The book is a record of his research, some of which has been published, much of which is appearing in this book for the very first time. I am very interested in research, so let’s take a look at the research informing his book.
II.
There are four papers of Liljedahl’s in the references of BTC.
Liljedahl, P. (2016). Building thinking classrooms: Conditions for problem solving. In P. Felmer, J. Kilpatrick, & E. Pekhonen (Eds.), Posing and solving mathematical problems: Advances and new perspectives (pp. 361–386). Springer.
Liljedahl, P. (2018). On the edges of flow: Student problem solving behavior. In S. Carreira, N. Amado, & K. Jones (Eds.), Broadening the scope of research on mathematical problem solving: A focus on technology, creativity and affect (pp. 505–524). Springer.

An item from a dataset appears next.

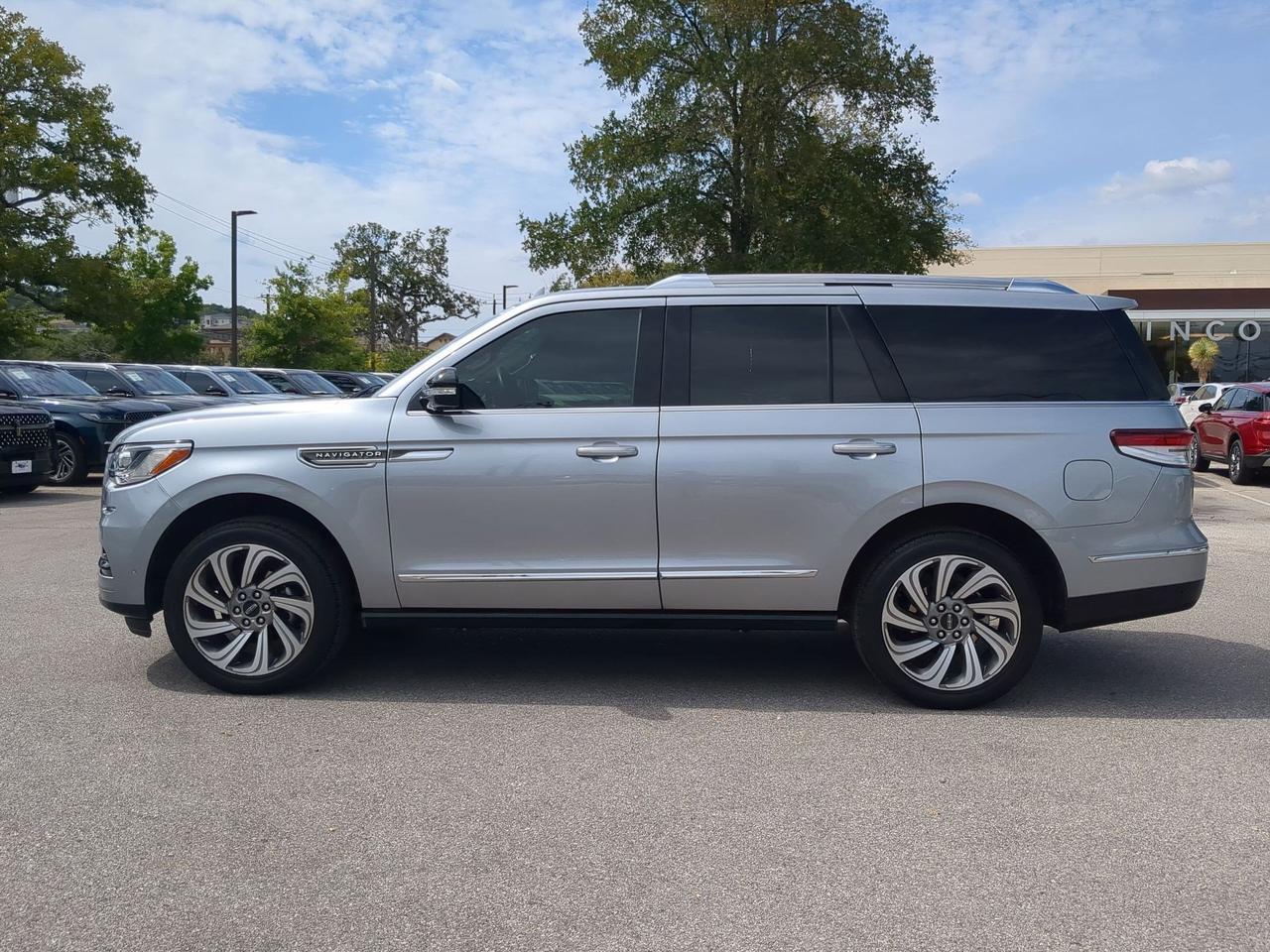 2023 Lincoln Navigator Reserve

Liljedahl, P., & Allan, D. (2013a). Studenting: The case of homework. In M. V. Martinez & A. C. Superfine (Eds.), Proceedings of the 35th Conference for Psychology of Mathematics Education—North American Chapter (pp. 489–492). University of Illinois at Chicago.
Liljedahl, P., & Allan, D. (2013b). Studenting: The case of “now you try one.” In A. M. Lindmeier & A. Heinze (Eds.), Proceedings of the 37th conference of the International Group for the Psychology of Mathematics Education (Vol. 3, pp. 257–264). PME.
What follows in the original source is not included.